Modeling α‐helical coiled‐coil interactions: The axial and azimuthal alignment of 1B segments from vimentin intermediate filaments

Attempts at predicting the relative axial alignments of fibrous protein molecules in filamentous structures have relied upon representing the (multichain) molecular structure by a one‐dimensional sequence of amino acids. Potential intermolecular ionic and apolar interactions were counted and determined as a function of the relative axial stagger between the molecules. No attempts were made to consider the azimuthal aspect of the interacting molecules and neither were apolar or ionic energy terms used. Surprisingly, this simple approach proved remarkably informative and yielded accurate predictions of the axial periods present. However, a more comprehensive analysis involving the energetics of aggregation taking due regard for the relative azimuths of the molecules as well as their separation should decrease the noise level in the calculations and reveal other pertinent information. Toward that end, we have modeled the interaction between two α‐helical coiled‐coil segments in intermediate filament molecules (1B segments from human vimentin). The relative axial alignment and polarity of the molecules is already known from detailed crosslinking studies and this provides a criterion against which the success (or otherwise) of the modeling can be judged. The results confirm that an antiparallel alignment of two 1B segments is preferred over any of the parallel options (as observed experimentally).
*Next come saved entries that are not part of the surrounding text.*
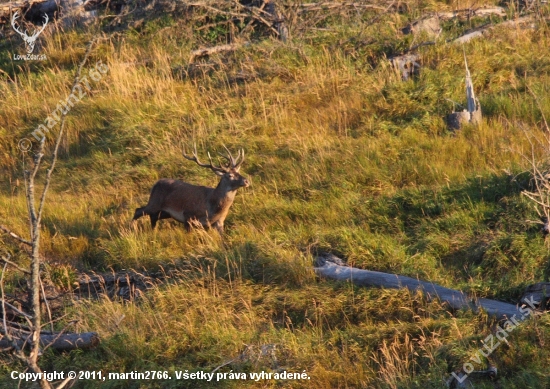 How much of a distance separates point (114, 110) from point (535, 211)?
21.1ft

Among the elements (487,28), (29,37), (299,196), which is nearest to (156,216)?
(299,196)

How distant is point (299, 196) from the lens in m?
10.0

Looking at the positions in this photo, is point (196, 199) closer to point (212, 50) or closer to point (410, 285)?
point (410, 285)

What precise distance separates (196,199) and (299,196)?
1235 mm

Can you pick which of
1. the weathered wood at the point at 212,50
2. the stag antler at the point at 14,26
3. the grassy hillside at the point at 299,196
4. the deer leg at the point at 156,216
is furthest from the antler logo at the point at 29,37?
the deer leg at the point at 156,216

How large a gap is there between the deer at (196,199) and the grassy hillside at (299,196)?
0.58ft

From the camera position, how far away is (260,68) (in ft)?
42.0

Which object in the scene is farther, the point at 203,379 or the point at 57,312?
the point at 57,312

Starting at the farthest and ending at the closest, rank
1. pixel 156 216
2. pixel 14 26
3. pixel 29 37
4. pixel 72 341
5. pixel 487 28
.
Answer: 1. pixel 14 26
2. pixel 29 37
3. pixel 487 28
4. pixel 156 216
5. pixel 72 341

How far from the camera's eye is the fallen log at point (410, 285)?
23.3 ft

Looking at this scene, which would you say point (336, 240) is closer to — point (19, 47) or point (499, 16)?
point (499, 16)

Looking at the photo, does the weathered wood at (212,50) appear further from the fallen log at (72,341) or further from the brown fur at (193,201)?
the fallen log at (72,341)

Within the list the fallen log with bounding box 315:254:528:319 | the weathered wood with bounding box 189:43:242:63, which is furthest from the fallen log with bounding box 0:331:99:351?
the weathered wood with bounding box 189:43:242:63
The calculated axial alignment, however, is not identical to that observed from detailed crosslinking studies indicating that other parts of the molecule (probably the head and tail domains as well as other coiled‐coil segments) have a crucial role in determining the precise mode of axial aggregation. The results also show that the apolar interactions seem to be significantly less important in the alignment process than the ionic ones. This is consistent with the observation of a well‐defined period in the linear disposition of the charged (but not apolar) residues along the length of the outer surface of the vimentin molecule. Proteins 2003;50:207–212.
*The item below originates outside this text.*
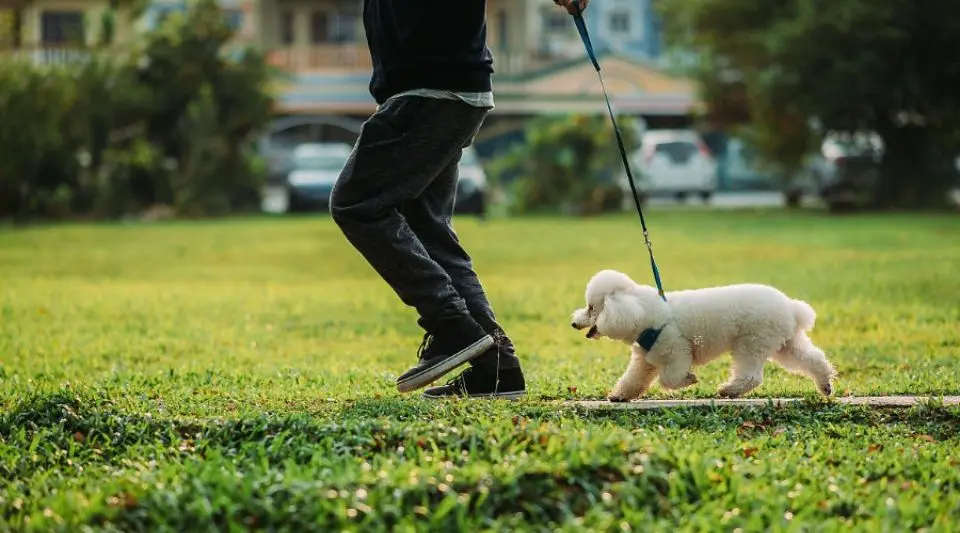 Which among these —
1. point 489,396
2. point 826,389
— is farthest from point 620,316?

A different conformation for linker L12 in IF molecules in the molecular and filamentous forms: an hypothesis.

The rod domain of IF molecules has been characterized as four alpha-helical coiled-coil segments (1A, 1B, 2A and 2B), three linkers (L1, L12 and L2) and a stutter at the centre of segment 2B. Two of these breaks in coiled-coil continuity (L2 and stutter) have been modelled on the basis of structural data obtained from related proteins. Subsequently, X-ray crystallographic studies on fragments of IF molecules have shown that both models were correct. The third of the breaks - L1 - was predicted to have a flexible structure, consistent with observations that the head domain can fold back over segments 1A and 1B and also unwind into separate strands. Here the structure of the fourth discontinuity (L12) has been modelled. For most IF chain types two conformations are proposed for an eight-residue motif that displays a quasi two-residue repeat based on the presence of apolar residues. In IF it is proposed that the motif will adopt an alpha-helical conformation but that in the molecule the conformation will be beta-like. Thus, assembly will result in or result from a conformational change in L12 thereby attributing L12 a more dynamic and important role in assembly than expected.